De son côté, Richard Talbot juge que le règlement arbitral ne serait peut-être "pas une mauvaise chose", alors que les négociations sont "dans une impasse complète". "Ça permettrait de remettre les choses à plat, en arrêtant ce compte à rebours qui stresse tout le monde", souligne le syndicaliste de la FMF. "On repartirait dans un nouveau cycle de négociations, sans date butoir." 

Pour Richard Talbot, le principal inconvénient est qu'en l'absence de convention, la vie conventionnelle (nationale mais surtout locale, à travers les commissions paritaires) est suspendue. 

Comme en 2010, en cas de règlement arbitral, les syndicalistes interrogés s'attendent à une revalorisation minimale et à une reconduite des dispositions de la précédente convention. "La convention actuelle et ses annexes font 600 pages", souligne Richard Talbot. "Je vois mal Annick Morel écrire tout réécrire ex-nihilo en si peu de temps." Sans compter que si tout est bouleversé, les éditeurs de logiciel auront du mal à suivre, relève le représentant de la FMF. 

Pour le reste, "ça ne peut pas être pire que la proposition actuelle", ironise le généraliste. "Si le règlement durcit les choses, ce serait une déclaration de guerre." 

 

Les médecins peuvent-ils s'opposer au règlement arbitral ? 

Comme pour une nouvelle convention, ou en cas d'installation, la règle est celle d'une "adhésion réputée acquise" des médecins libéraux (article R162-54-9).
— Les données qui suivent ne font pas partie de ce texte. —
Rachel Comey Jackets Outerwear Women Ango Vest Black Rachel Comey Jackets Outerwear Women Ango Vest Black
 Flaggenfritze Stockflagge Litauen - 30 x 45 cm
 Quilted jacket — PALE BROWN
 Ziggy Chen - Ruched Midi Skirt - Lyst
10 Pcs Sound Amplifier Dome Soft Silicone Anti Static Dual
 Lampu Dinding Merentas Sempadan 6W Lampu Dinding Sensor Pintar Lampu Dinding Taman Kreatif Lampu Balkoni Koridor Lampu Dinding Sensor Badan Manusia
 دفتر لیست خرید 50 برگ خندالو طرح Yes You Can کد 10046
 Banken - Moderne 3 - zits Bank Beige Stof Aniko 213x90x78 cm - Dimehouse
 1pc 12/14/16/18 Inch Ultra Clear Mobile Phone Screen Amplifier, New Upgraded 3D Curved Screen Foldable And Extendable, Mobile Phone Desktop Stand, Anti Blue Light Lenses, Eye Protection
Toutefois, "les professionnels de santé qui souhaitent être placés en dehors d'un de ces accords, conventions ou règlement le font connaître par courrier adressé à la caisse primaire d'assurance maladie dans le ressort de laquelle ils exercent leur activité", précise le code de la Sécurité sociale. Ce qui équivaut à un déconventionnement, souligne Richard Talbot. 

 

"On ne joue pas l'échec" : la réponse du directeur de la Cnam
"On va tout faire dans les 15 jours, trois semaines qui restent pour obtenir un accord qui soit conforme au mandat qui a été fixé, à la fois par l'Union des caisses d'Assurance maladie et par les ministres dans leurs lignes directrices, a assuré Thomas Fatôme, dans un point presse mercredi 9 février. On ne joue pas l'échec, on ne cherche pas à avoir un règlement arbitral. On essaiera tout pour aboutir à un accord. Après, si le 28 février au soir on relève qu'il n'y a pas de convergence possible sur la signature d'une convention, l'arbitre rentrera en fonction. On a beaucoup travaillé, on a mis beaucoup de propositions sur la table. On savait que ces négociations seraient difficiles, et elles le sont parce que les attentes des deux côtés de la table sont très elevées. Mais nous, on fera tout pour essayer de proposer des dispositifs qui rencontrent l'adhésion des syndicats dans le cadre d'un mandat très clair qui est de renforcer l'accès aux soins des assurés, en accompagnant les médecins libéraux."